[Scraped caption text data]
/---

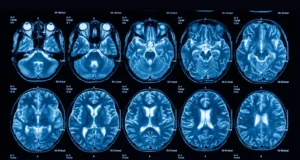 Blindsight : Advanced Techniques In Red Teaming And LSASS Memory Exploitation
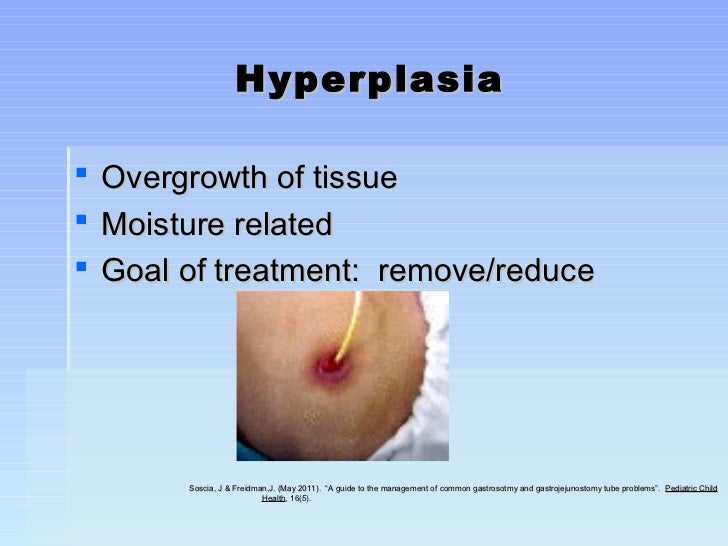 Those troublesome tube swithsponsors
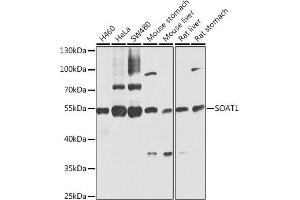 Western blot analysis of extracts of various cell lines, using SO antibody (ABIN6129624, ABIN6148259, ABIN6148260 and ABIN6221917) at 1:1000 dilution. (SOAT1 Antikörper  (AA 1-130))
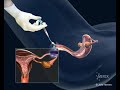 intrauterine insemination iui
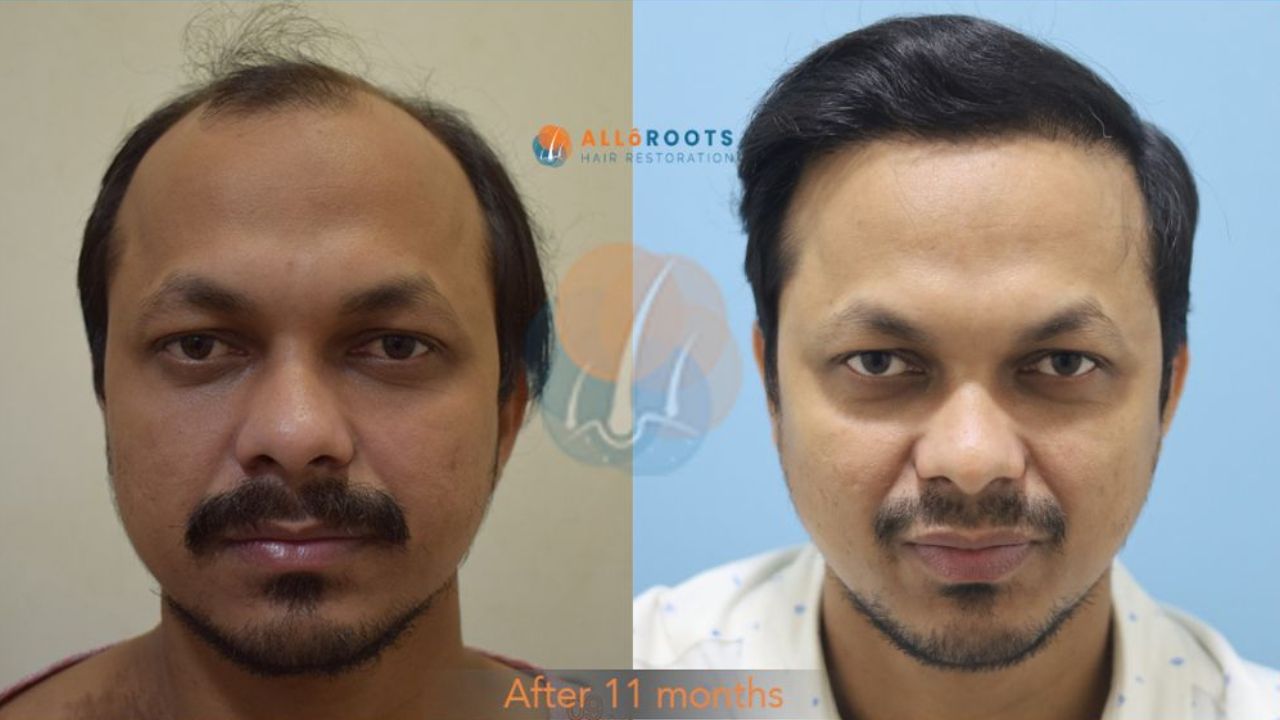 hair transplant bhubaneswar
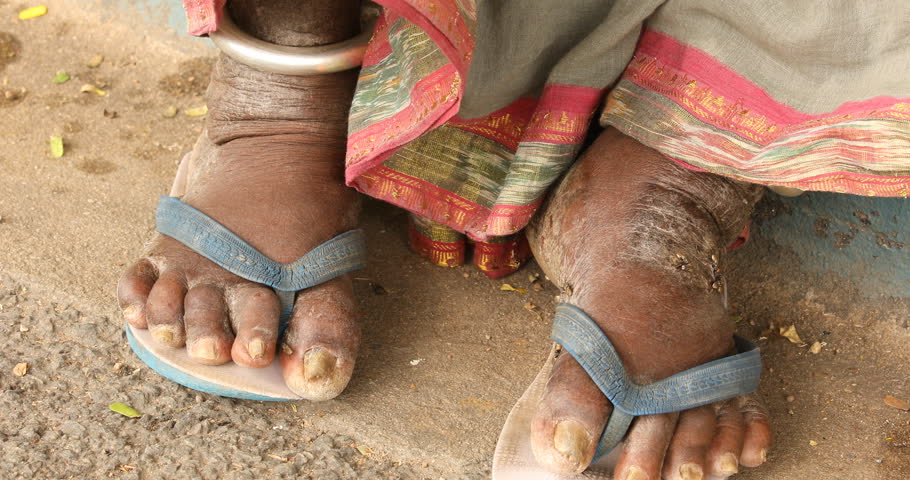 Old women Foot on hospital bed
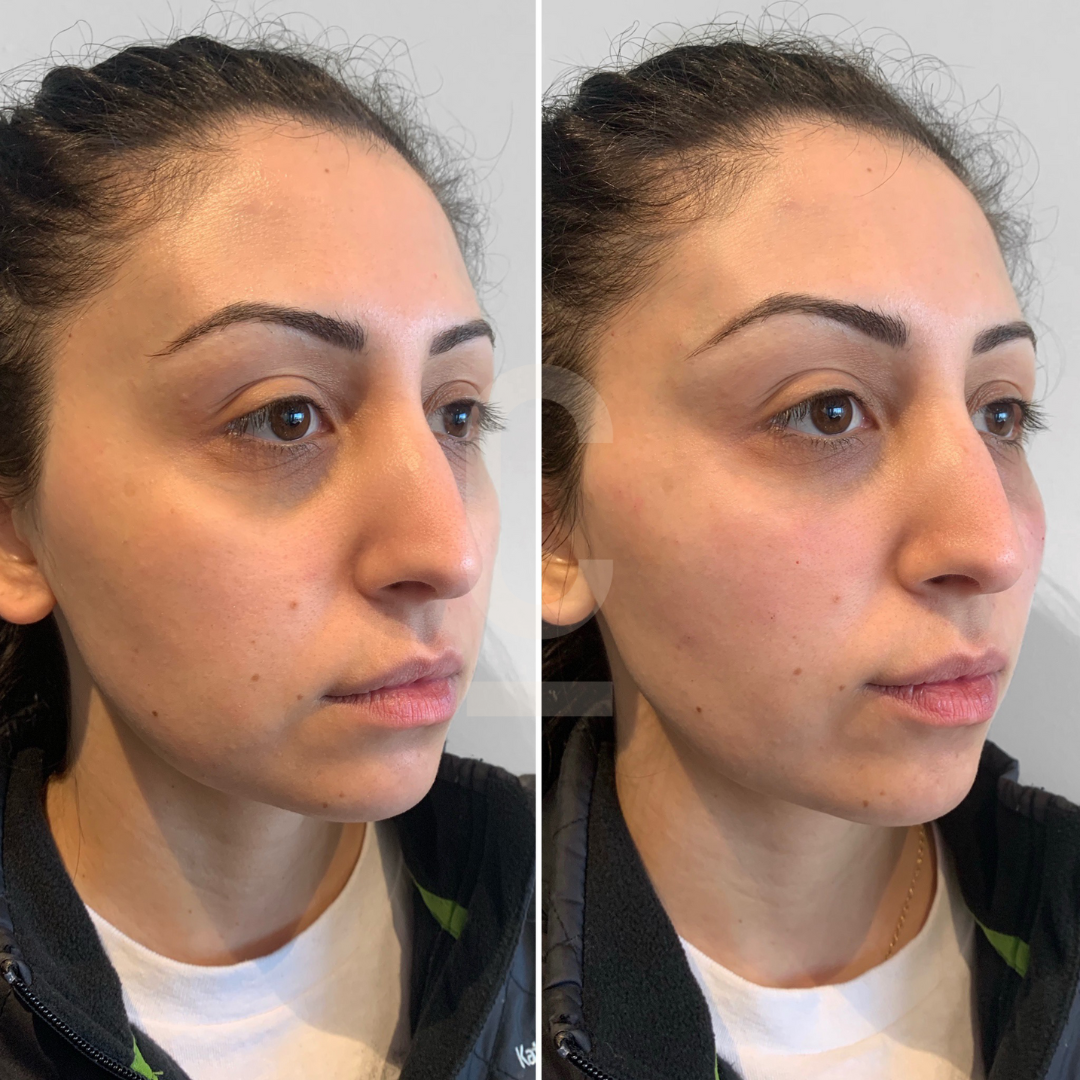 Side-by-side images of a person facing left, showing a comparison before and after a facial treatment. The persons skin appears smoother and more even-toned in the second image. The person is wearing a black jacket over a white shirt.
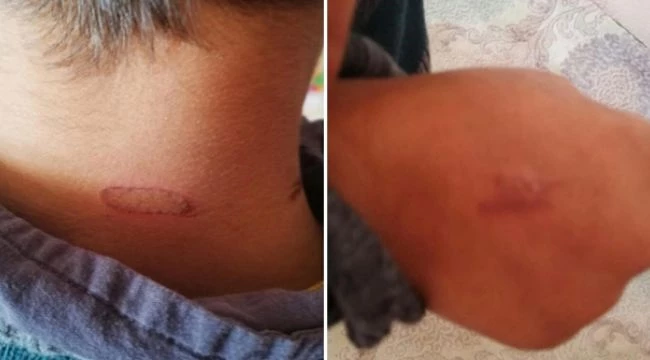 Öğrencilerini kızgın demir ile dağladığı iddia edilen sözleşmeli öğretmen açığa alındı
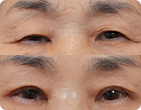 상안검수술전후사진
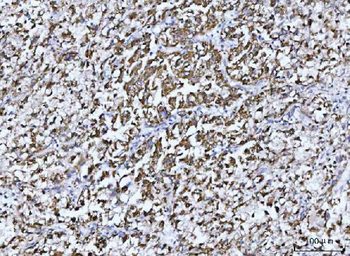 GLUD1/2 Antibody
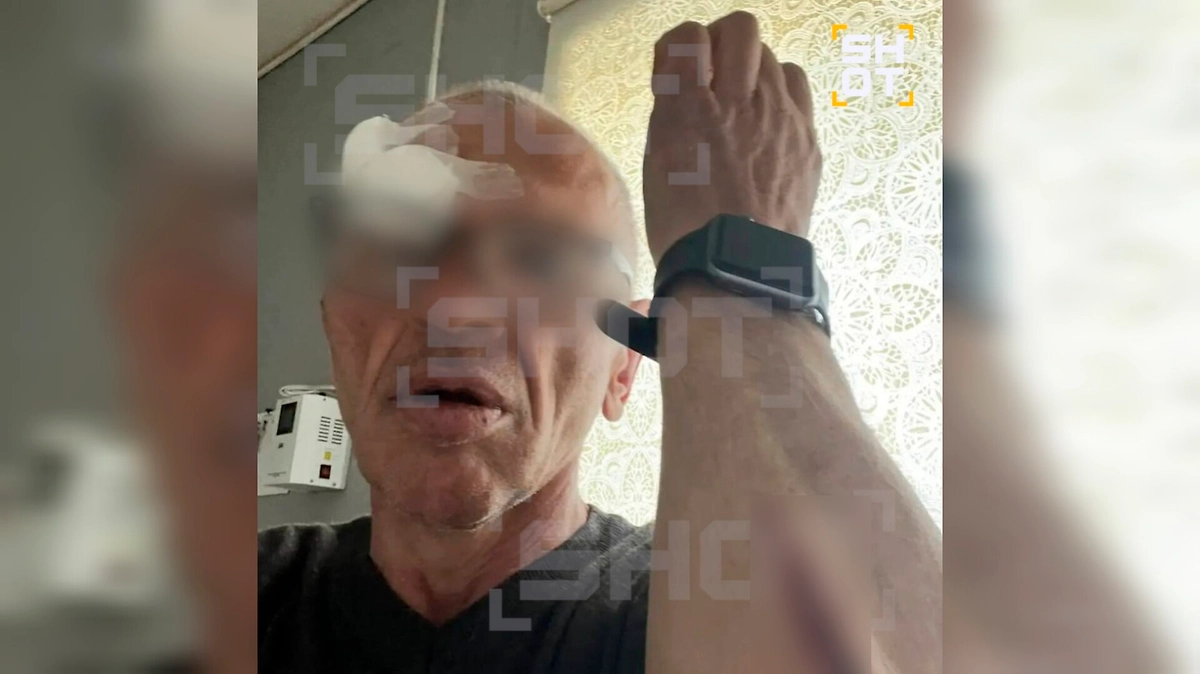 56-летний мужчина, пострадавший от рук Павла. Фото © SHOT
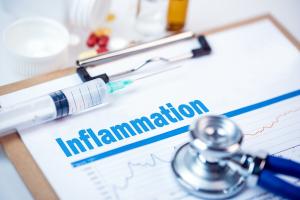 On sait que l’inflammation est la première étape, normale et naturelle de la réponse immunitaire, on connait moins bien le mécanisme qui y met fin (Visuel Adobe Stock 136261201) On sait que l’inflammation est la première étape, normale et naturelle de la réponse immunitaire, on connait moins bien le mécanisme qui y met fin (Visuel Adobe Stock 136261201)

\---

== REQUIRED WORK ==
Needed here is a verbatim copy of the data from the first line through the line with "Those troublesome tube swithsponsors", without pictures.

== RESULT ==
 Blindsight : Advanced Techniques In Red Teaming And LSASS Memory Exploitation
 Those troublesome tube swithsponsors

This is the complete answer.